THE MUSIC HISTORIES CALL THIS blues, but it sounds like hellfire and burns like brimstone.
And that means these 50 sides are some definitive blues: great blues, in the great tradition. Elmore James, who was born in Mississippi in 1918 and died in Chicago in 1963, led the archetypal bluesman's life: he rambled around the Delta with Robert Johnson in the '30s, played juke joints in the '40s, had a couple of R.-and-B.-chart hits in the early '50s, cut some fierce sides in the late '50s and early '60s (collected here in all their home-fried glory), then passed on from the accumulated effects of road life and drink before his legend started to take hold and his music was widely heard.
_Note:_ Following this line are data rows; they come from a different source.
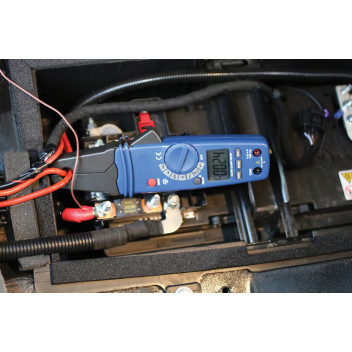 LASER Mini AC/DC Digital Clamp Meter CATIII 600V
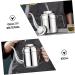 ABOOFAN Oil Can Seasoning Bottle Stainless Steel Oil Pot Kitchen Supplies Oil Dispenser Oive Home Oil Bottle Storage Container Japanese-style Condiment Bottles Kitchen Pot Castor 13X6X6CM As Shown - Buy Online on GoSupps.com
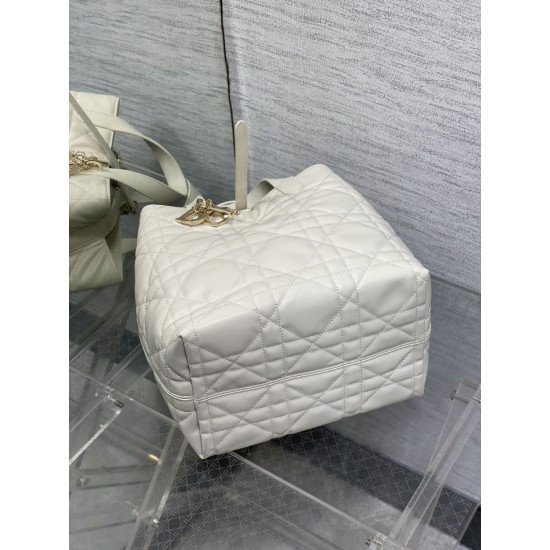 Migliore Repliche Borsa tote verticale Dior piccola/media Dior Toujours bianca Economiche Outlet Online
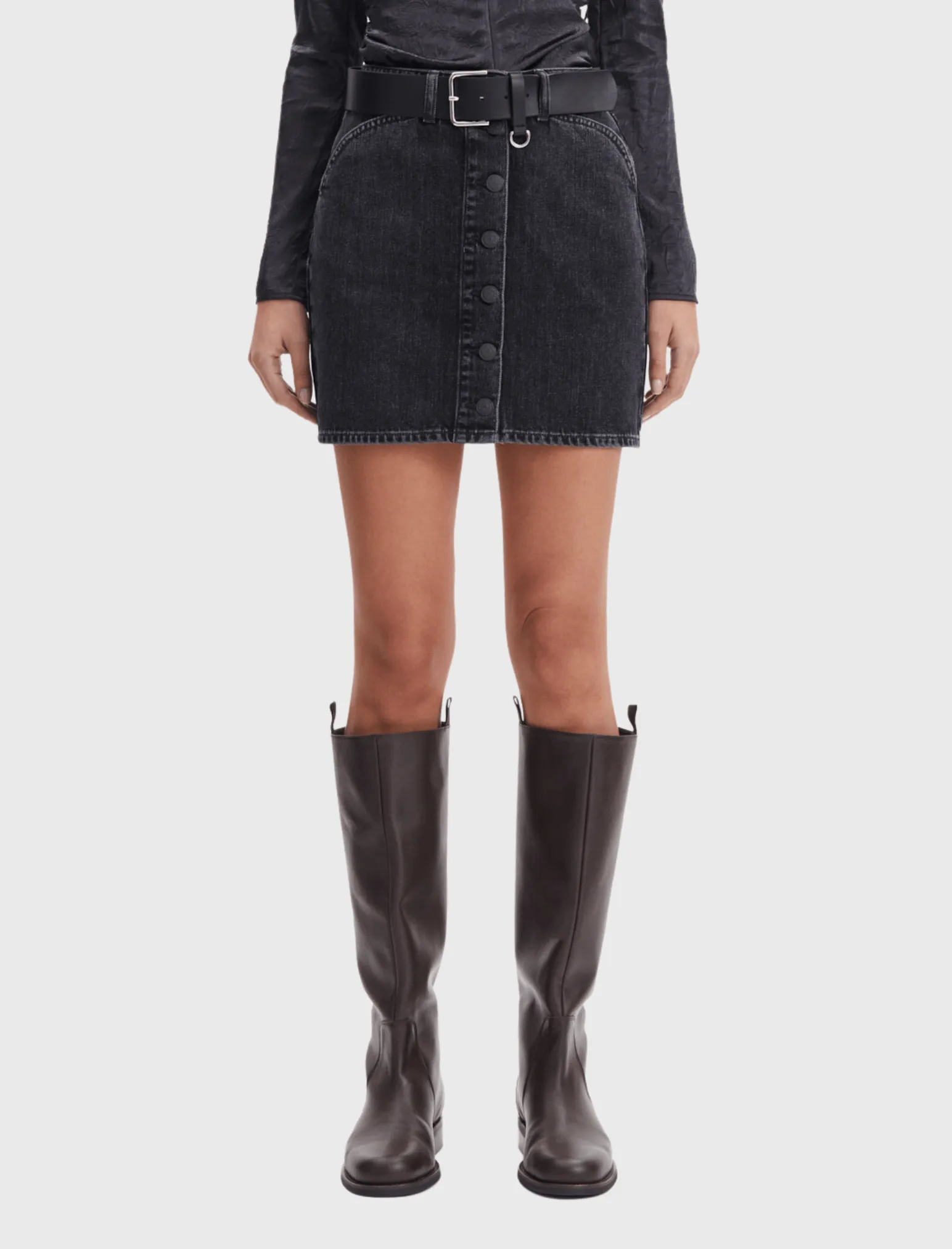 Norma Denim Mini Skirt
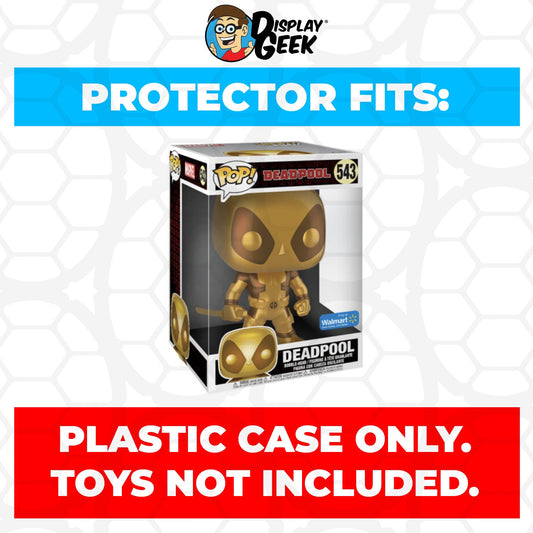 Pop Protector for 10 inch Deadpool Two Swords Gold #543 Jumbo Funko Pop
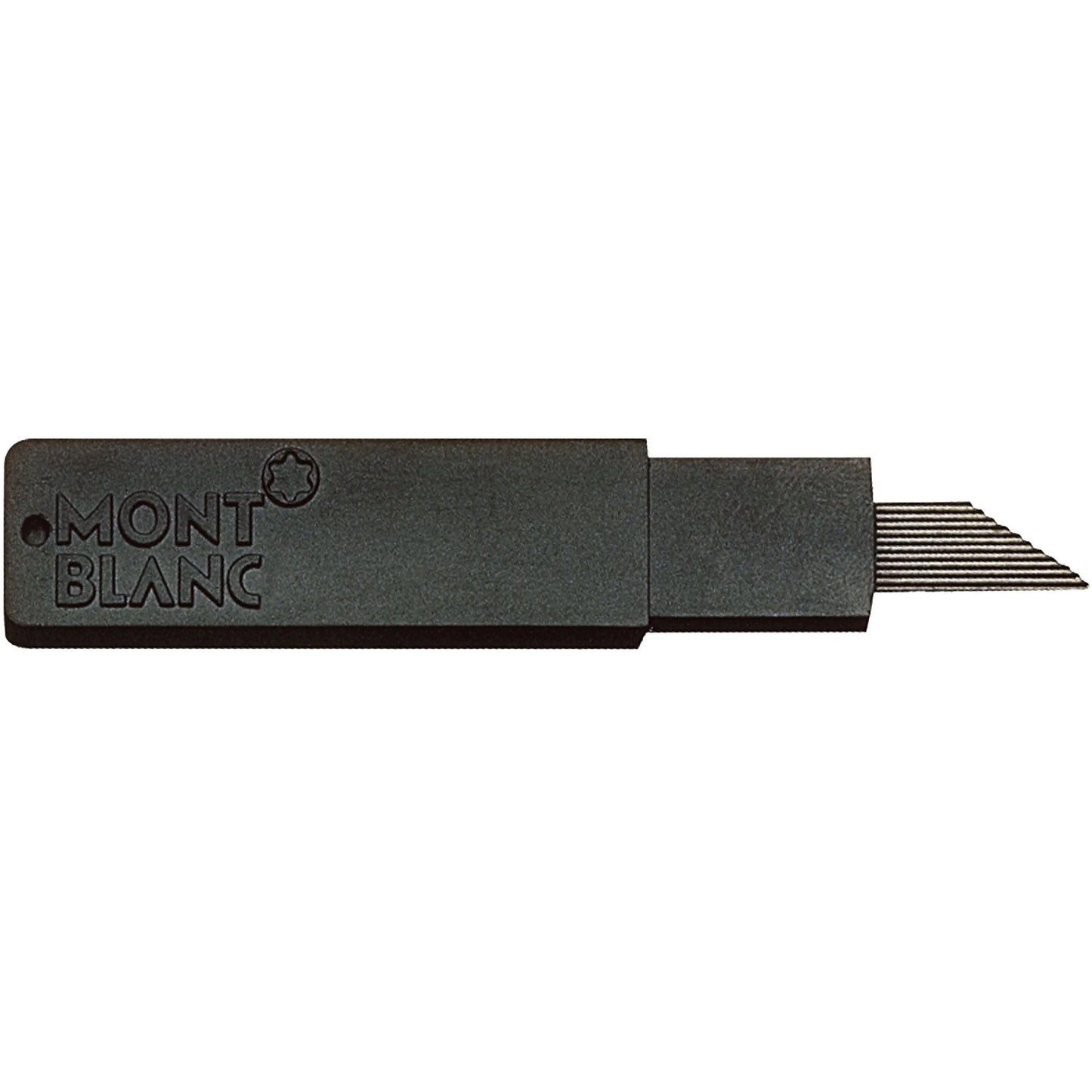 Portamine meisterstück classique colore nero con mina hi-polymer hb 0,7 mm e lama retrattile in finitura opaca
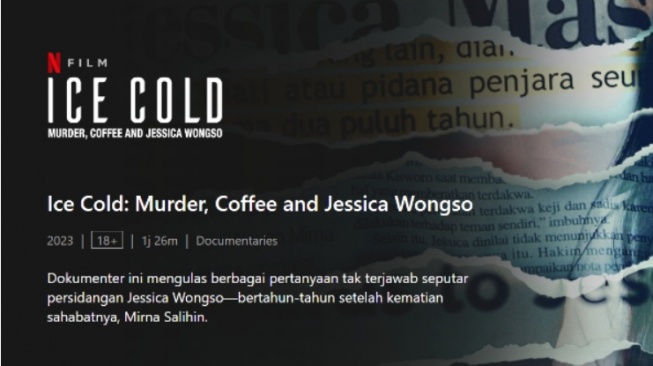 Dari Kasus Kopi Sianida, Dibentuk menjadi Film Dokumenter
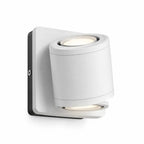LED-Wandleuchte mit 360° drehbarem Licht und beidseitigem quadratischem Lichteffekt, wasserabweisend
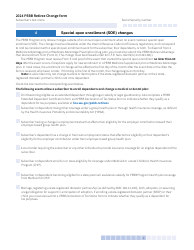 Form E (HCA51-0007) Pebb Retiree Change Form - Washington, Page 9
It was mostly the reverence and enthusiasm of white musicians -- notably the Allman Brothers -- that broke James through to the big audience that had escaped him most of his life. Now, with a little of the luck that is long past due him, this superb set should place him in the pantheon where he belongs. If it does, that fits in neatly with the scenario too. It was the unexpected commercial success of Columbia's wondrous boxed collection of Robert Johnson that sent other companies back to their vaults, breathing a little life into history. So Johnson and James ramble together again.
James played a modernized, slightly souped-up version of Johnson's Delta slide-guitar style and sang with a five-alarm urgency that defied dampening. "The crying guitar and the screaming voice" are what Bobby Robinson called it, but that was only the foundation of James' style, which, as amply represented here, shows plenty of range. Only the intensity never varies. Talk to Me Baby has a rock overlay; Bobby's Rock spins along with blues underpinnings driving a twangy, near countrified, Duane Eddy-style beat; I Believe makes you hear the grit under the guitar strings, the true Delta way; Anna Lee and Strange Angel feature James with a band, big-city style but still cutting close to the soul and staying close to his roots.
Audio purists may grouse that the CD quality makes these sounds ring clear, instead of down and dirty. That is a little like a car collector griping that some fine detailing on the chrome spoils the lines. Spruced up though they are, these songs sound nasty and urgent as ever. The quality is so direct and uncluttered that it can take you straight back to the days that drummer Sam Myers recalls in the album notes, when he, James and the band would pile into a nine-passenger station wagon with their instruments and head on down the road. You couldn't miss 'em: that black-and-white wagon had a yellow broom painted on the side and a big sign that read THE BROOMDUSTERS, after an early James hit, Dust My Broom. That broom still sweeps clean.